» **Data to examine**:
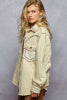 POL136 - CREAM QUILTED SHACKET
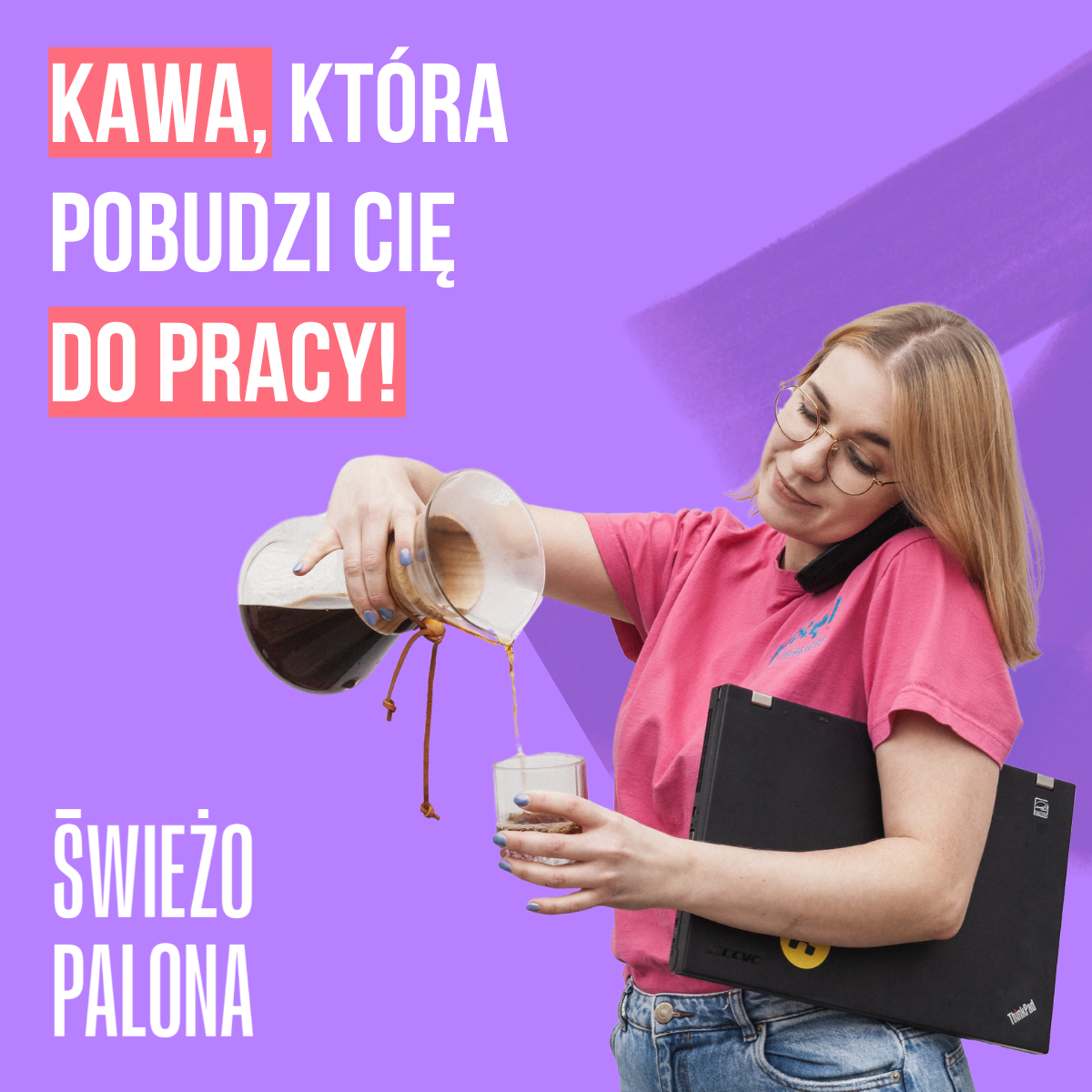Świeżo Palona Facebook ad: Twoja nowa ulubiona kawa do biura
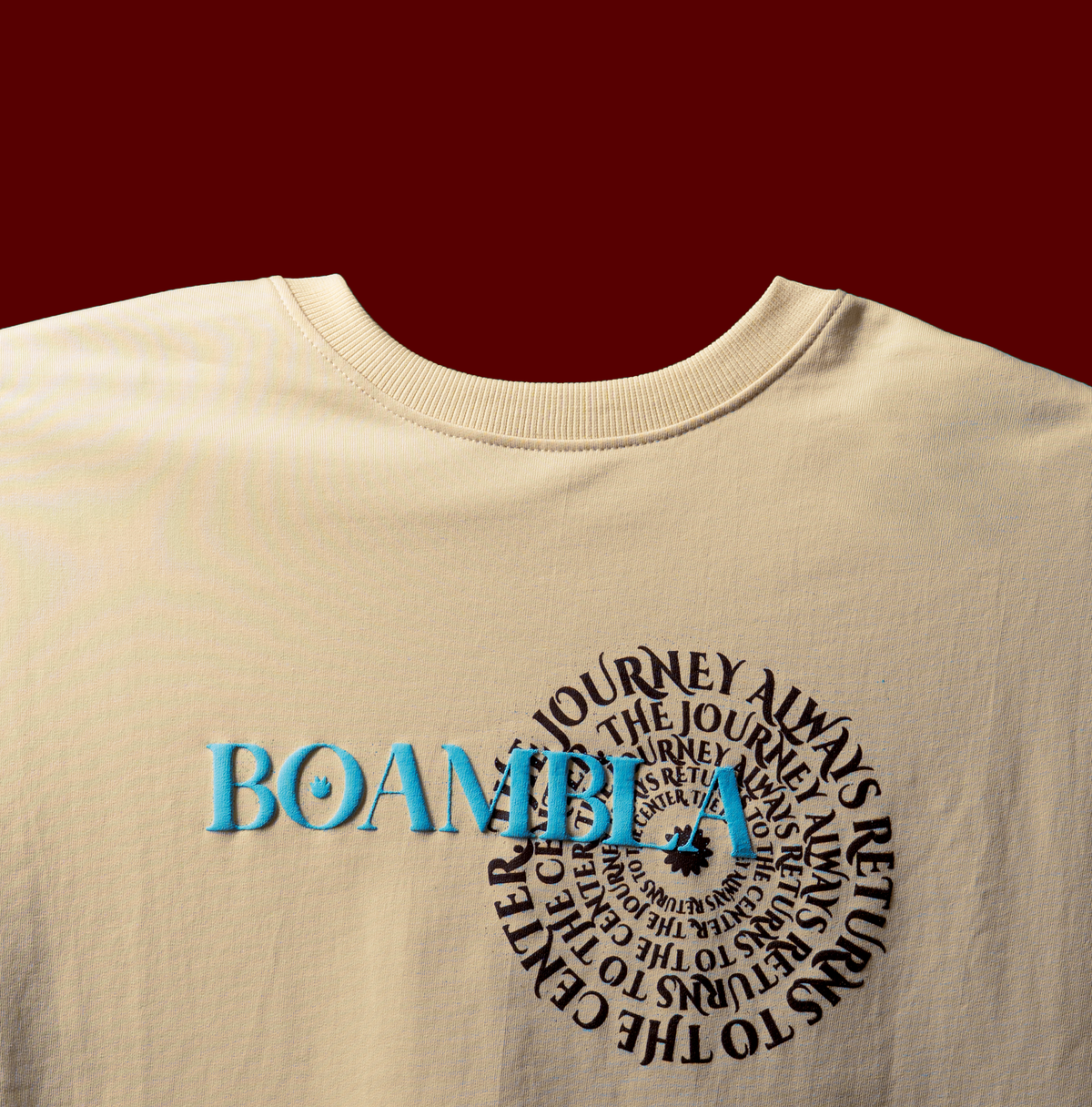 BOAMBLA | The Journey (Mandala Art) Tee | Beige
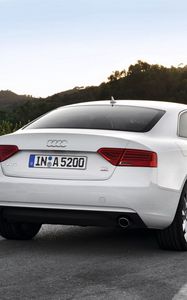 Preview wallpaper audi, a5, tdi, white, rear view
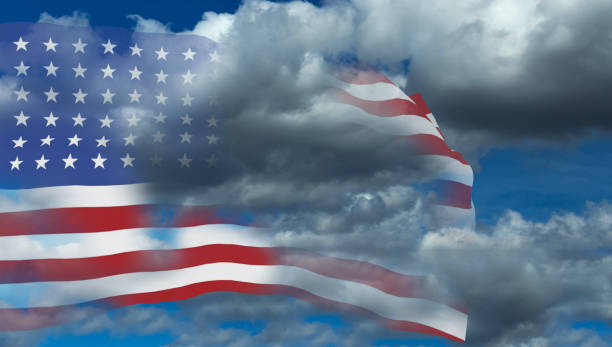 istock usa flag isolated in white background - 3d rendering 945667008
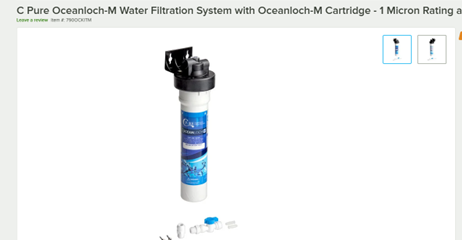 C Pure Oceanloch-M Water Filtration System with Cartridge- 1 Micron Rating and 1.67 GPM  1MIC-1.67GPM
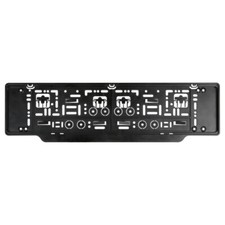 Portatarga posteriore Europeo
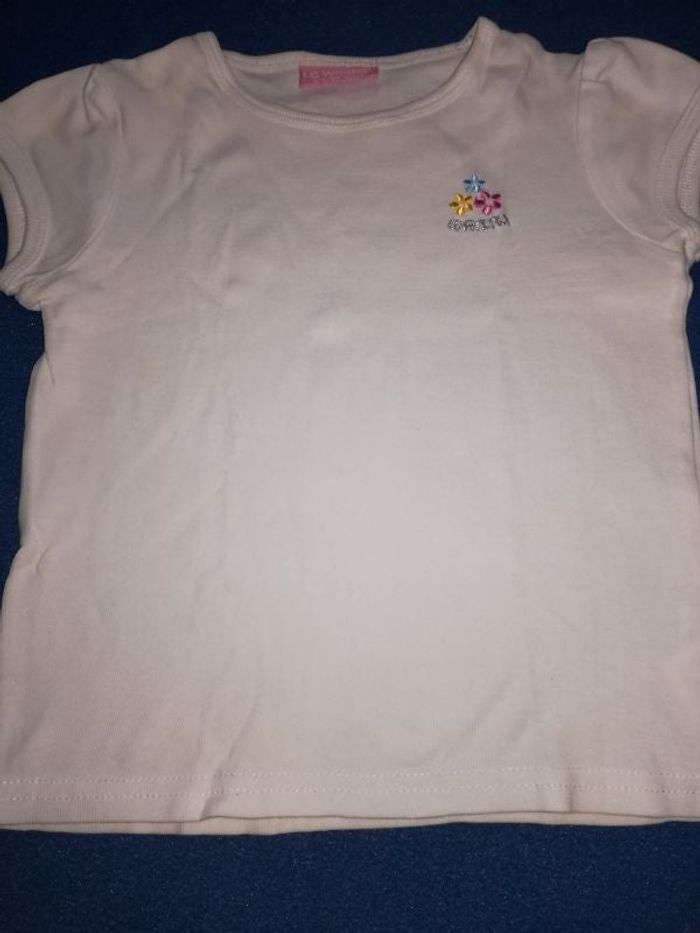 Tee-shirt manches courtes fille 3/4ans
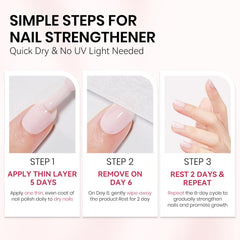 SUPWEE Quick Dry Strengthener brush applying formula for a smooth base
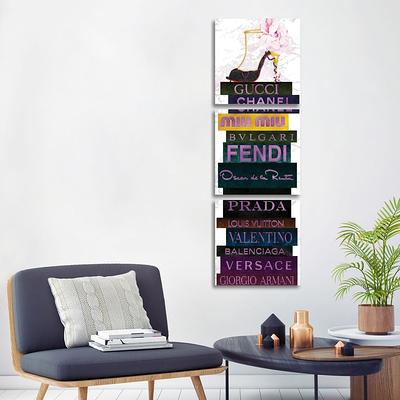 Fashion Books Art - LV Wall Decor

» **What is being asked**: Would you copy the lines above exactly, starting with the one that has "BOAMBLA | The" and ending with the one that has "Tee-shirt manches courtes fille 3/4ans", both included, without the pictures?

» **Task solution**:
 BOAMBLA | The Journey (Mandala Art) Tee | Beige
 Preview wallpaper audi, a5, tdi, white, rear view
 istock usa flag isolated in white background - 3d rendering 945667008
 C Pure Oceanloch-M Water Filtration System with Cartridge- 1 Micron Rating and 1.67 GPM  1MIC-1.67GPM
 Portatarga posteriore Europeo
 Tee-shirt manches courtes fille 3/4ans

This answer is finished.